The six-day gathering saw divestment opponents inside the Church and their allies struggle to counter a barrage of false accusations against the Jewish state, improper procedural moves to sway the vote by partisan General Assembly staff, and at least a half dozen anti-Israel overtures. They defeated a call to label Israel an Apartheid state, but lost a vote that would have forced the Church to stop distributing "Zionism Unsettled" through its website. (Sales through the website stopped this week as a result of intense lobbying from within the denomination, although the publication is still available through IPMN).
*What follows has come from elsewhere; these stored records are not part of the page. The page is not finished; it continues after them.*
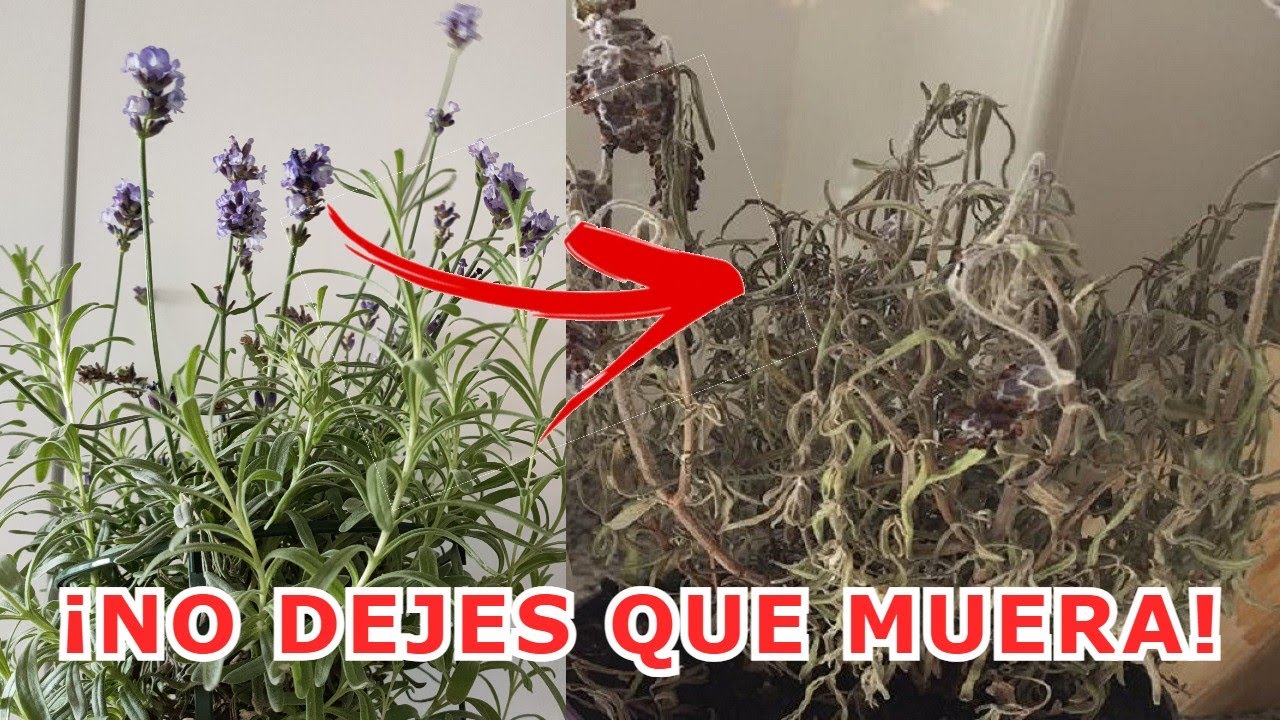por qué se seca la planta de lavanda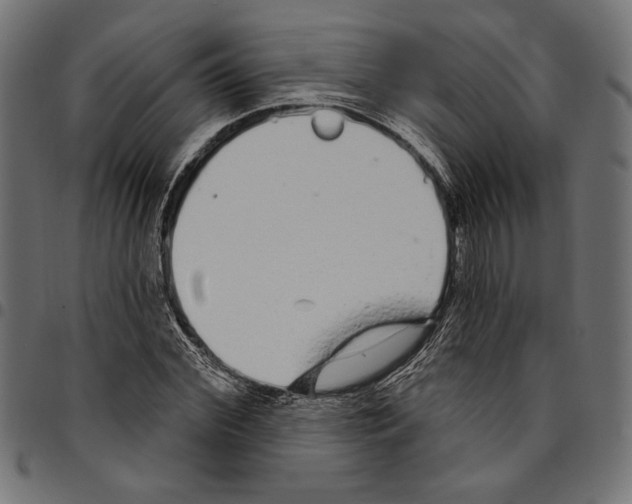 X0000094770972200712141554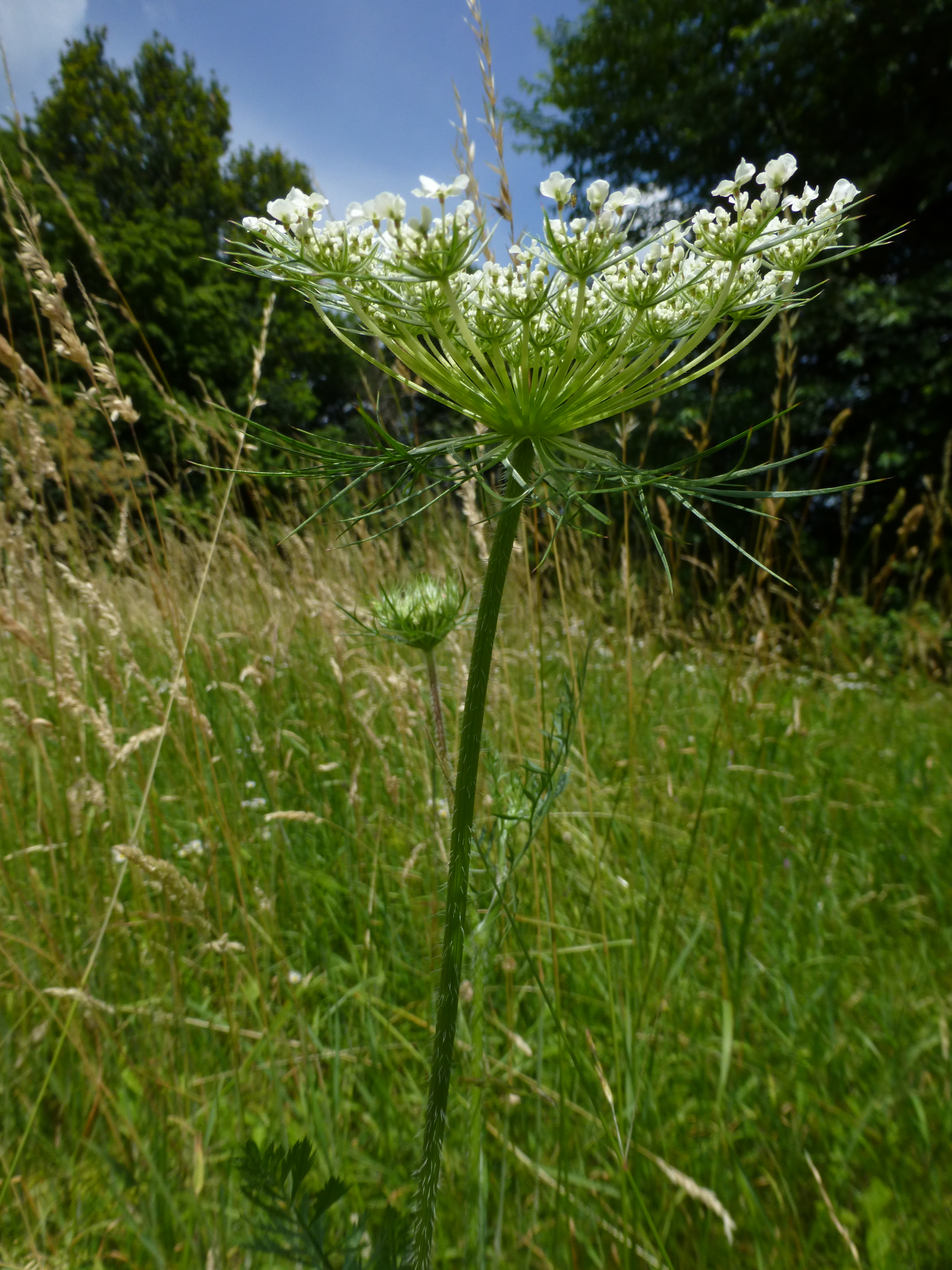 31072014094721 2611 art 500 daucus carota 1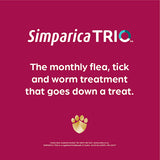 Simparica TRIO Puppy 1.25-2.25kg - 1 Chew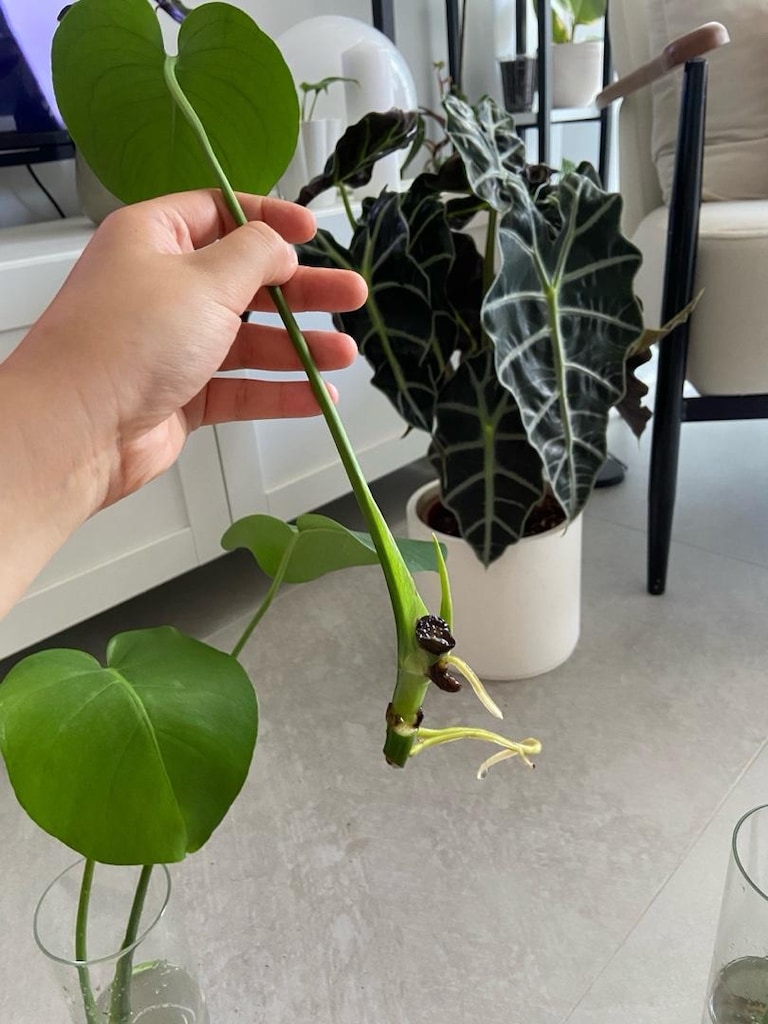 canlı bitki monstera deve tabanı köklü çelik - 2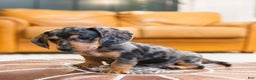 Miniature Dachshund dogs for sale: Mitzi - Ad 7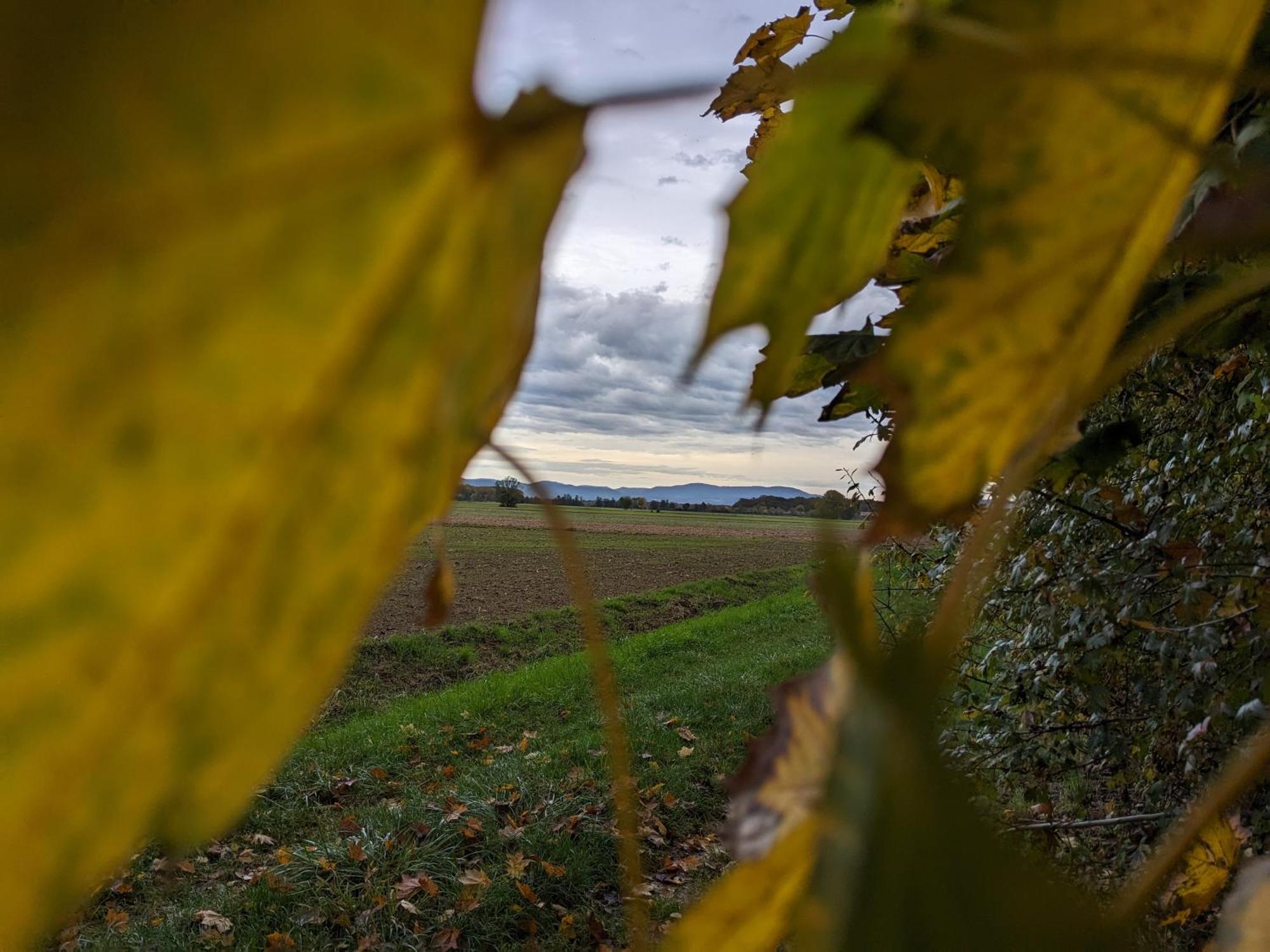 Badischer Neubau-Ruhe-Kunst-Natur Rheinau Exteriér fotografie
The Assembly also rebuffed an appeal for engagement by Union for Reform Judaism President Rabbi Rick Jacobs, who invited Church leaders to join him in sharing their mutual concerns with Israeli Prime Minister Benjamin Netanyahu.
Despite adopting the tactic of the Boycott, Divest and Sanction (BDS) Movement, the Assembly endeavored to publically distance itself from the anti-Israel campaign. Those efforts ring hollow with Jewish organizations, who view the Church’s action as a nod to those seeking Israel's elimination. The Assembly's decision to commission a study evaluating the viability of a two-state solution exacerbates that concern, as it not only marks a major departure from longstanding PC(USA) policy of support for two states, but also opens the door to continued delegitimization in support of a one-state solution.
While Jewish organizations lament the devastating impact the 221st General Assembly will have on national Jewish-Presbyterian relations, it is important to note that divestment is strongly opposed in the pews of most local churches. In Orange County and around the country, Presbyterians are expressing their sorrow and outrage over their leadership's reckless actions, and are challenging those radical voices in a variety of ways. For that reason, grassroots engagement is more important than ever. The Rose Project of JFFS, in its effort to counter BDS and promote knowledge of Israel, will continue to work with our Presbyterian partners in Orange County who are committed to leading their churches in a more positive direction.